Sciascia se la prendeva con i “professionisti dell’antimafia”? Tolstoj, invece, si scagliava contro i “partigiani della scienza e dell’arte”, ovvero la casta degli intellettuali, in qualche modo il canone, l’elitaria aristocrazia antipopolare, coloro che ai suoi occhi coltivavano privilegi, imposture, superstizioni: alle loro attività parassitarie preferiva il lavoro manuale, concretamente utile, che regala felicità a chi lo compie e agli altri, a chi ne gode. La condanna dell’arte è lo scheletro centrale di Che cos’è l’arte?, trattato filosofico, piuttosto estremo e tranchant in alcuni giudizi, di Lev Tolstoj, che vedrà la luce nel 1897. Ma c’è un breve testo, fin qui inedito in Italia, che dimostra come certe posizioni fossero state coltivate da almeno un paio di decenni.

Una lettera in francese

Le considerazioni dell’immenso scrittore russo (quante volte vi siete chiesti se fosse lui o Dostoevskij il vostro russo preferito, senza sapervi dare una risposta?) sono contenute in un volume di una preziosa collana dell’editore Castelvecchi, Cahiers. La verità della vita (41 pagine, 7 euro), tradotto da Chiara Calcagno, contiene una prefazione di Charles Péguy e un’introduzione di Romain Rolland, destinatario di quella che è una lettera, datata 1877, scritta da Tolstoj in francese, lingua che padroneggiava, con alcune frasi cancellate, poi riportate nelle note. Eppure Tolstoj è in grado di dire esattamente quel che pensa, con una chiarezza smagliante, invidiabile, con un nitore totale.

Per esempio:

Non crederò mai alla sincerità delle convinzioni cristiane, filosofiche o umanitarie di una persona che fa svuotare il proprio vaso da notte a un servo.

E ancora di più:

La formula morale più semplice e breve è essere serviti dagli altri il meno possibile e servire gli altri il più possibile. Pretendere il meno possibile dagli altri e dare loro il più possibile.

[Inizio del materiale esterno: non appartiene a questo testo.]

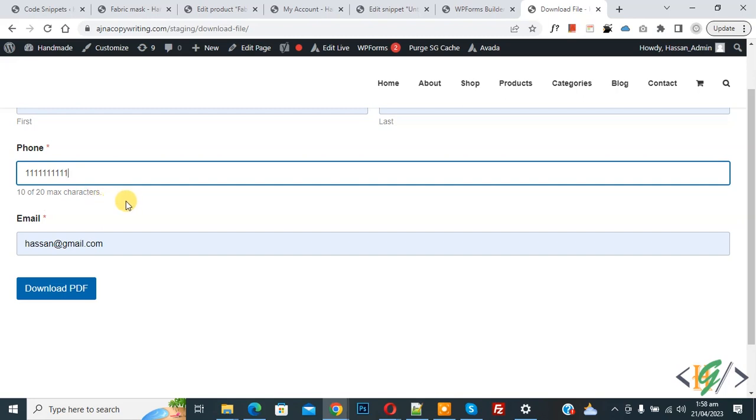And now you see error gone and maximum 20 limit. So in this way you can set minimum and maximum character limit for input field. So I hope you like this video, please like, comment, share, subscribe. Thank you for watching.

Senza rischi e rinunce spazio solo a mestieranti

Ma… tornando alla cultura. Il genio russo, che godeva già di fama mondiale (aveva inanellato Guerra e Pace, Anna Karenina e La morte di Ivan Il’ic), crede all’arte come vocazione, pensa che sia una strada eccezionale da percorrere, che preveda rischi, fatica, rinunce. Altro che sacerdoti della civiltà! Farisei, mestieranti, narcisi e mistificatori, mossi non da ragioni di ordine morale, Lev Tolstoj li gela con poche chirurgiche frasi. Solo l’antipasto gustoso di quanto teorizzerà vent’anni più tardi, e di quanto sosterrà a più riprese: l’etica più dell’estetica, il sacro e il divino più della bellezza e del piacere, e la verità, la sincerità, l’onestà intellettuale al di sopra di tutto.